Feature/caffe importer improvements (#3397)

* add mean image to ndarray converter * special handling for input layer type * added note about inconsistency of pooling with Caffe * add support for TanH and Sigmoid activations
apache · Sep 29, 2016 · 06583ee · 06583ee
1 parent b0f0b81
commit 06583ee
Show file tree

Hide file tree

Showing 3 changed files with 65 additions and 0 deletions.
diff --git a/tools/caffe_converter/README.md b/tools/caffe_converter/README.md
@@ -35,3 +35,6 @@ For example: `python convert_model.py VGG_ILSVRC_16_layers_deploy.prototxt VGG_I
 * We have verified the results of VGG_16/VGG_19 model and BVLC_googlenet results from Caffe model zoo.
 * The tool only supports single input and single output network.
 * The tool can only work with the L2LayerParameter in Caffe.
+* Caffe uses a convention for multi-strided pooling output shape inconsistent with MXNet
+    * This importer doesn't handle this problem properly yet
+    * And example of this failure is importing bvlc_Googlenet.
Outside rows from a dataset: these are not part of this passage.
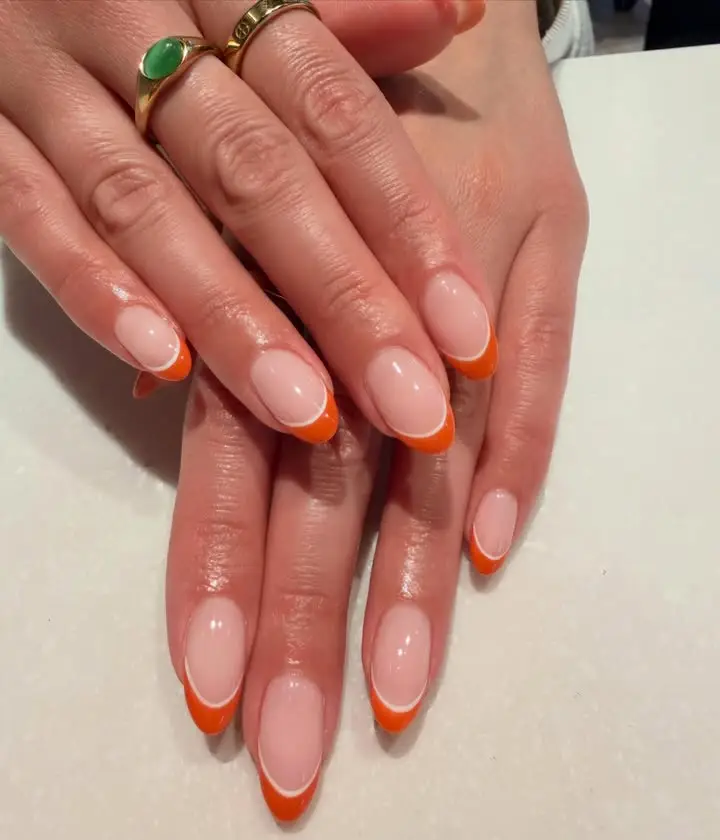Burnt Orange French Fade Nails
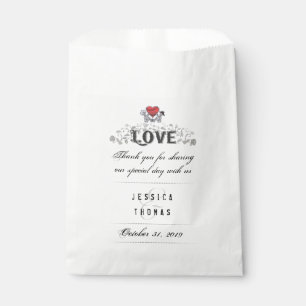 Halloween Skeletons Red Heart LOVE Wedding Names Favour Bags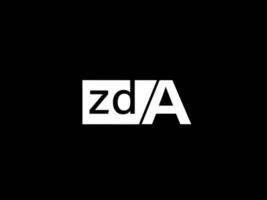 zda-Logo und Grafikdesign Vektorgrafiken, Symbole isoliert auf schwarzem Hintergrund vektor
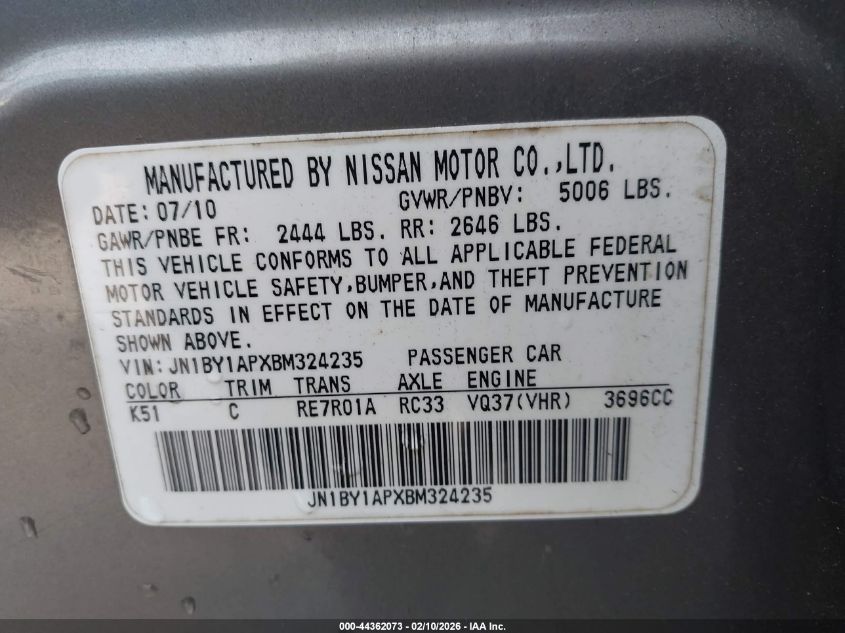 2011 Infiniti M37 VIN: JN1BY1APXBM324235 Lot: 44362073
The user needs to add padding to stride-2 pooling to make this work right now.
diff --git a/tools/caffe_converter/convert_symbol.py b/tools/caffe_converter/convert_symbol.py
@@ -77,6 +77,12 @@ def proto2script(proto_file):
         input_dim = proto.input_dim
     elif len(proto.input_shape) > 0: 
         input_dim = proto.input_shape[0].dim
+    elif (layer[0].type == "Input"):
+        input_dim = layer[0].input_param.shape._values[0].dim
+        layer.pop(0)
+    else:
+        raise Exception('Invalid proto file.')   
+
     # We assume the first bottom blob of first layer is the output from data layer
     input_name = layer[0].bottom[0]
     output_name = ""
@@ -116,6 +122,14 @@ def proto2script(proto_file):
             type_string = 'mx.symbol.Activation'
             param_string = "act_type='relu'"
             need_flatten[name] = need_flatten[mapping[layer[i].bottom[0]]]
+        if layer[i].type == 'TanH' or layer[i].type == 23:
+            type_string = 'mx.symbol.Activation'
+            param_string = "act_type='tanh'"
+            need_flatten[name] = need_flatten[mapping[layer[i].bottom[0]]]
+        if layer[i].type == 'Sigmoid' or layer[i].type == 19:
+            type_string = 'mx.symbol.Activation'
+            param_string = "act_type='sigmoid'"
+            need_flatten[name] = need_flatten[mapping[layer[i].bottom[0]]]
         if layer[i].type == 'LRN' or layer[i].type == 15:
             type_string = 'mx.symbol.LRN'
             param = layer[i].lrn_param

diff --git a/tools/caffe_converter/mean_image.py b/tools/caffe_converter/mean_image.py
@@ -0,0 +1,48 @@
+import mxnet as mx
+import numpy as np
+import argparse
+
+caffe_flag = True
+try:
+    import caffe
+    from caffe.proto import caffe_pb2
+except ImportError:
+    caffe_flag = False
+    import caffe_parse.caffe_pb2
+
+def protoBlobFileToND(protofile):
+    data = ''
+    file = open(protofile, "r")
+    if not file:
+        raise self.ProcessException("ERROR (" + protofile + ")!")
+    data = file.read()
+    file.close()
+
+    if caffe_flag:
+        mean_blob = caffe.proto.caffe_pb2.BlobProto()
+    else:
+        mean_blob = caffe_parse.caffe_pb2.BlobProto()
+
+    mean_blob.ParseFromString(data)
+    img_mean_np = np.array(mean_blob.data)
+    img_mean_np = img_mean_np.reshape(
+        mean_blob.channels, mean_blob.height, mean_blob.width
+    )
+    # swap channels from Caffe BGR to RGB
+    img_mean_np2 = img_mean_np
+    img_mean_np[0] = img_mean_np2[2]
+    img_mean_np[2] = img_mean_np2[0]
+    return mx.nd.array(img_mean_np)
+
+def main():
+    parser = argparse.ArgumentParser(description='Caffe prototxt to mxnet model parameter converter.\
+                    Note that only basic functions are implemented. You are welcomed to contribute to this file.')
+    parser.add_argument('mean_image_proto', help='The protobuf file in Caffe format')
+    parser.add_argument('save_name', help='The name of the output file prefix')
+    args = parser.parse_args()
+    nd = protoBlobFileToND(args.mean_image_proto)
+    mx.nd.save(args.save_name + ".nd", {"mean_image": nd})
+
+
+if __name__ == '__main__':
+    main()